Kisah Arimbi hanyalah salah satu dari ribuan contoh kasus yang membuktikan betapa bobroknya praktik hukum yang ada di Indonesia. Melalui Arimbi, Okky Madasari berusaha mengajak pembaca memahami segala permasalahan hukum baik yang tergolong ringan maupun berat untuk kemudian dijadikan bahan renungan. Berbagai kasus mulai dari Korupsi, Kolusi, Nepotisme, jual beli jabatan, peredaran narkoba hingga masalah sosial seperti calo tiket diceritakan dengan sederhana dan seolah telah menjadi hal lumrah.

Pada dasarnya, uang terkadang menjadikan alasan orang untuk berbuat kejahatan dan penyelewengan hukum. Hukum tumpul terhadap mereka-mereka yang berduit. Koruptor tidak takut terhadap penjara, mereka hanya takut miskin. Sayangnya, peraturan yang dapat 'memiskinkan' koruptor kini macet, berkasnya menumpuk di meja kerja Dewan Perwakilan Rakyat (DPR).

Dalam novel ini misalnya, kasus pelanggaran yang dilakukan Arimbi dengan Bu Danti, secara logika, Bu Danti seharusnya menerima hukuman yang lebih berat dibandingkan Arimbi mengingat Bu Danti adalah otak yang memberikan perintah pada Arimbi untuk menerima uang hasil suap. Bu Danti menerima uang lebih banyak dibandingkan Arimbi. Namun, karena Bu Danti 'bersedia membayar lebih', Bu Danti mendapatkan ruangan yang jauh lebih bagus dibandingkan dengan Arimbi. Coba bayangkan apabila Rancangan Undang-Undang (RUU) Perampasan aset disahkan, orang orang macam Bu Danti ini akan mendapatkan hukuman sebagaimana mestinya.

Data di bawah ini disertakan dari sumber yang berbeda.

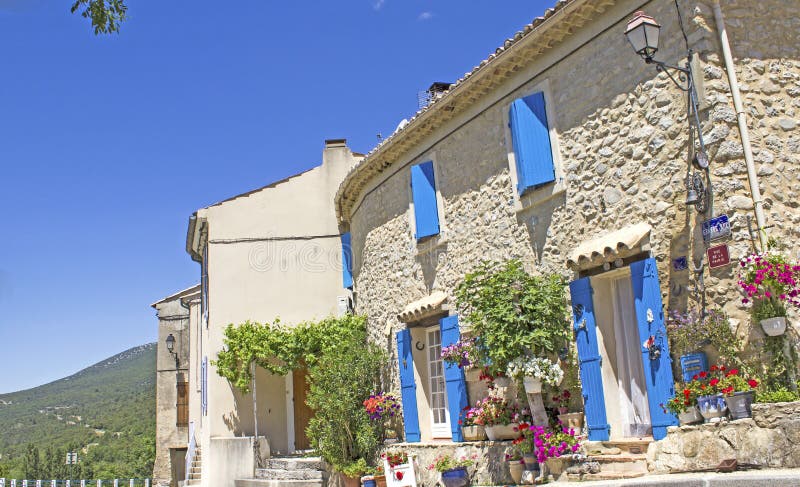 French village. Provence. France.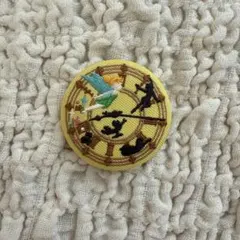 ディズニー刺繍缶バッジ ピーターパン 新品未使用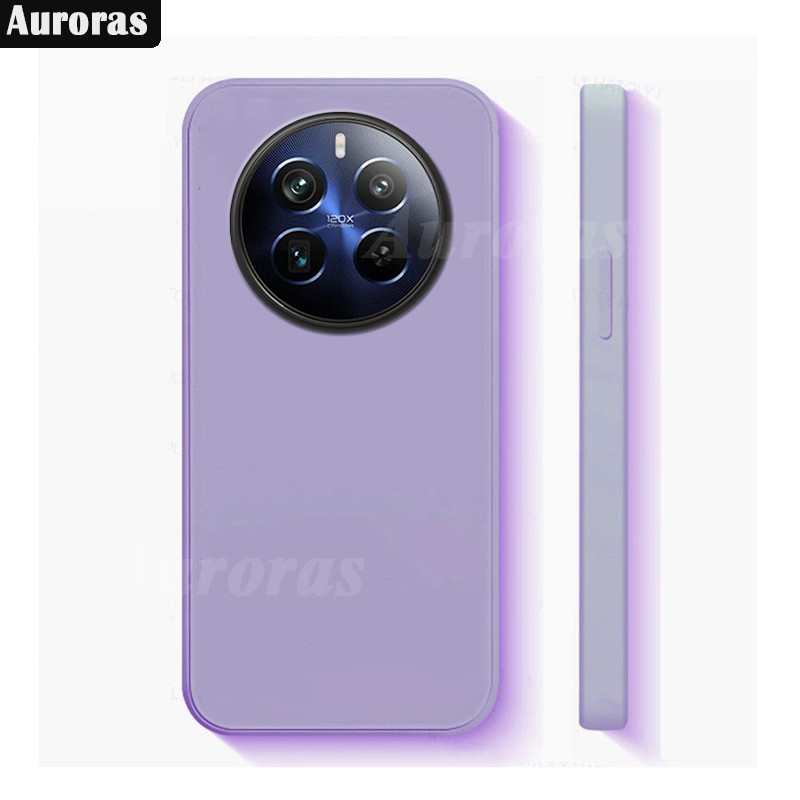 For Realme 13 Phone Case Fashion Straight Soft Liquid Silicone Cover Camera Protection Shockproof for Realme 13 Pro Plus Cover Casing HP.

Sayangnya, DPR terkesan ogah-ogahan dalam membahas RUU Perampasan Aset. RUU ini telah melalui proses yang panjang dan telah diusulkan oleh Pusat Pelaporan dan Analisis Transaksi (PPAT) pada 2008, masuk sebagai Program Legislasi Nasional (Prolegnas) di tahun 2010-2014 dan tercatat sebagai RUU prioritas. Namun, hingga pergantian anggota di tahun 2019, DPR masih tidak menyentuhnya, bahkan sampai sekarang.

Peraturan yang akan menyunat harta kekayaan para koruptor ini sepatutnya menjadi perhatian dan prioritas besama. Masyarakat harus kompak dalam mengawal dan mendesak para anggota dewan untuk segera mengesahkan kebijakan ini sebagai langkah awal memberantas kasus korupsi yang eksistensinya begitu langgeng dari dulu hingga saat ini.